[PATCH RFC] btrfs: defrag: abort the whole cluster if there is any hole in the range

* [PATCH RFC] btrfs: defrag: abort the whole cluster if there is any hole in the range
@ 2022-01-24  6:34 Qu Wenruo
  2022-01-24 11:13 ` Filipe Manana
  0 siblings, 1 reply; 5+ messages in thread
From: Qu Wenruo @ 2022-01-24  6:34 UTC (permalink / raw)
  To: linux-btrfs; +Cc: Filipe Manana

[BUG]
There are several reports that autodefrag is causing more IO in v5.16,
caused by the recent refactor of defrag (mostly to support subpage
defrag).

With the recent debug helpers, I also locally reproduced it using
the following script:

	mount $dev $mnt -o autodefrag

	start_trace
	$fsstress -w -n 2000 -p 1 -d $mnt -s 1642319517
	sync
	btrfs ins dump-tree -t 256 $dev > /tmp/dump_tree
	echo "=== autodefrag ==="
	grep . -IR /sys/fs/btrfs/$uuid/debug/io_accounting
	echo 0 > /sys/fs/btrfs/$uuid/debug/cleaner_trigger
	sleep 3
	sync
	echo "======"
	grep . -IR /sys/fs/btrfs/$uuid/debug/io_accounting
	umount $mnt
	end_trace

Btrfs indeeds causes more IO for autodefrag, with all the fixes
submitted, it still causes 18% of total IO to autodefrag.

[CAUSE]
There is a hidden bug in the original defrag code in
cluster_pages_for_defrag():

        while (search_start < page_end) {
                struct extent_map *em;

                em = btrfs_get_extent(BTRFS_I(inode), NULL, 0, search_start,
                                      page_end - search_start);
                if (IS_ERR(em)) {
                        ret = PTR_ERR(em);
                        goto out_unlock_range;
                }
                if (em->block_start >= EXTENT_MAP_LAST_BYTE) {
                        free_extent_map(em);
                        /* Ok, 0 means we did not defrag anything */
                        ret = 0;
                        goto out_unlock_range;
                }
                search_start = extent_map_end(em);
                free_extent_map(em);
	}

@search_start is the defrag range start, and @page_end is the defrag
range end (exclusive).
This while() loop is called before marking the pages for defrag.

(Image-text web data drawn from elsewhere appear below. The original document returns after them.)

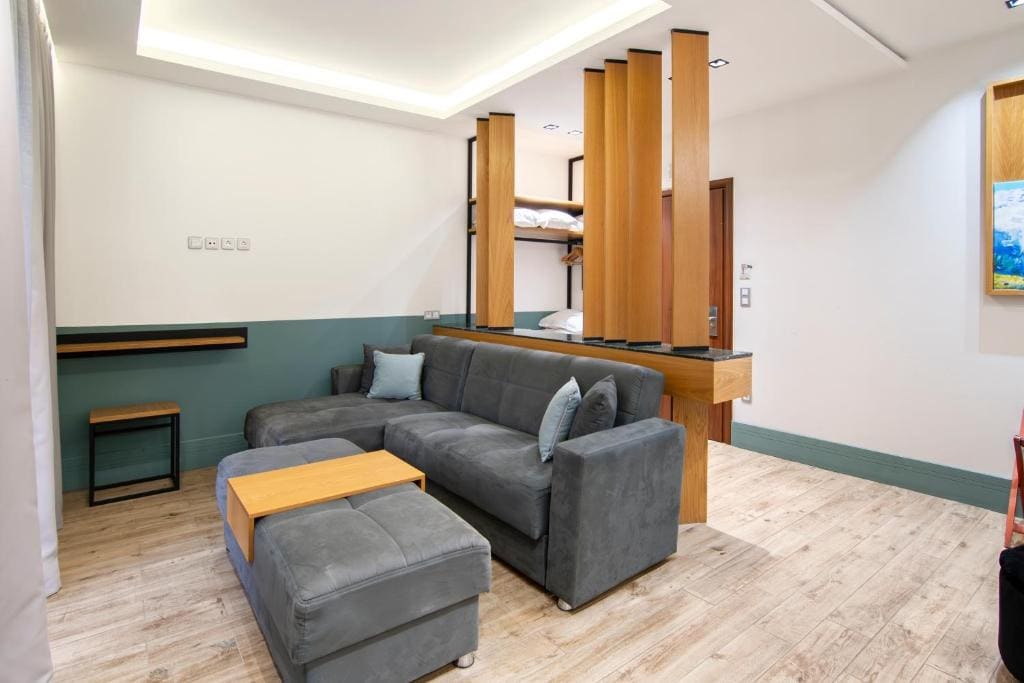 King Suite with Spa Bath room - Image 1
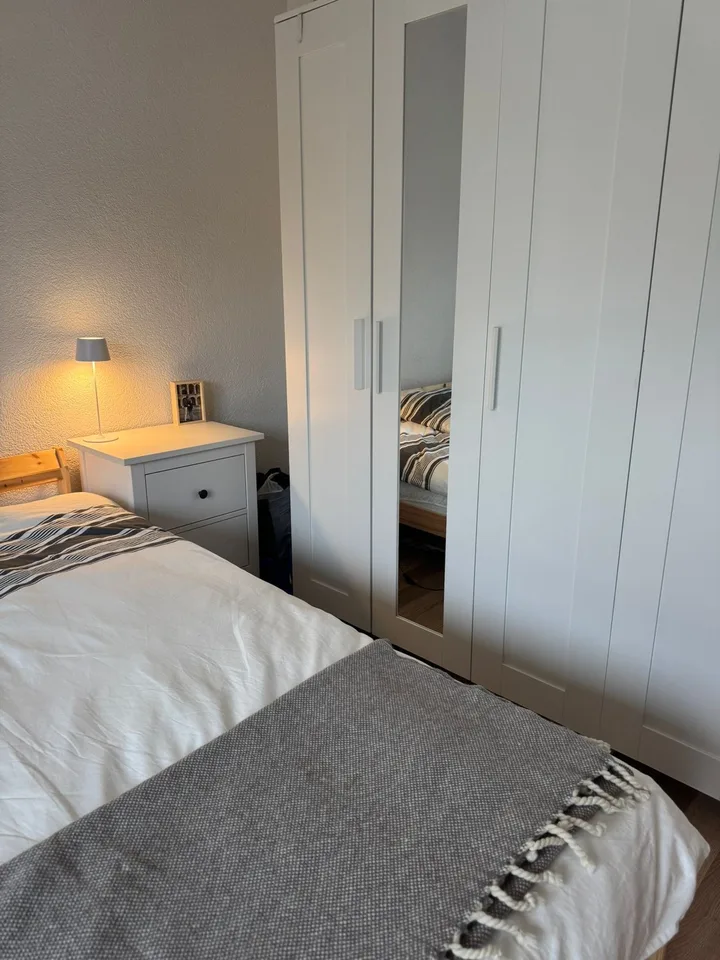 Fully Furnished Apartment with Large Balcony in Zürich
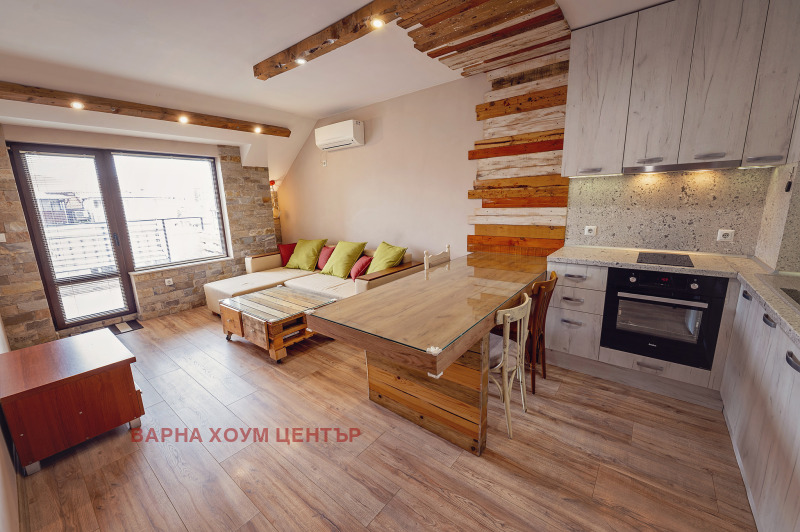 Дава под Наем 3-СТАЕН в град Варна, Левски 2 - 97 кв.м / 760 € » 1 486.43 лв., ВАРНА ХОУМ ЦЕНТЪР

The Ok comment is the root case.

With my test seed, root 256 inode 287 is the most obvious example, there
is a cluster of file extents starting at file offset 118784, and they
are completely sane to be merged:

        item 59 key (287 EXTENT_DATA 118784) itemoff 6211 itemsize 53
                generation 85 type 1 (regular)
                extent data disk byte 339034112 nr 8192
                extent data offset 0 nr 8192 ram 8192
        item 60 key (287 EXTENT_DATA 126976) itemoff 6158 itemsize 53
                generation 85 type 1 (regular)
                extent data disk byte 299954176 nr 4096
                extent data offset 0 nr 4096 ram 4096
        item 61 key (287 EXTENT_DATA 131072) itemoff 6105 itemsize 53
                generation 85 type 1 (regular)
                extent data disk byte 339042304 nr 4096
                extent data offset 0 nr 4096 ram 4096
        item 62 key (287 EXTENT_DATA 135168) itemoff 6052 itemsize 53
                generation 85 type 1 (regular)
                extent data disk byte 303423488 nr 4096
                extent data offset 0 nr 4096 ram 4096
        item 63 key (287 EXTENT_DATA 139264) itemoff 5999 itemsize 53
                generation 85 type 1 (regular)
                extent data disk byte 339046400 nr 106496
                extent data offset 0 nr 106496 ram 106496

Then comes a hole at offset 245760, and the file is way larger than
245760.

The old kernel will call cluster_pages_for_defrag() with start == 118784
and len == 256K.

Then into the mentioned while loop, finding the hole at 245760 and
rejecting the whole 256K cluster.

This also means, the old behavior will only defrag the whole cluster,
which is normally in 256K size (can be smaller at file end though).

[?FIX?]
I'm not convinced the old behavior is correct.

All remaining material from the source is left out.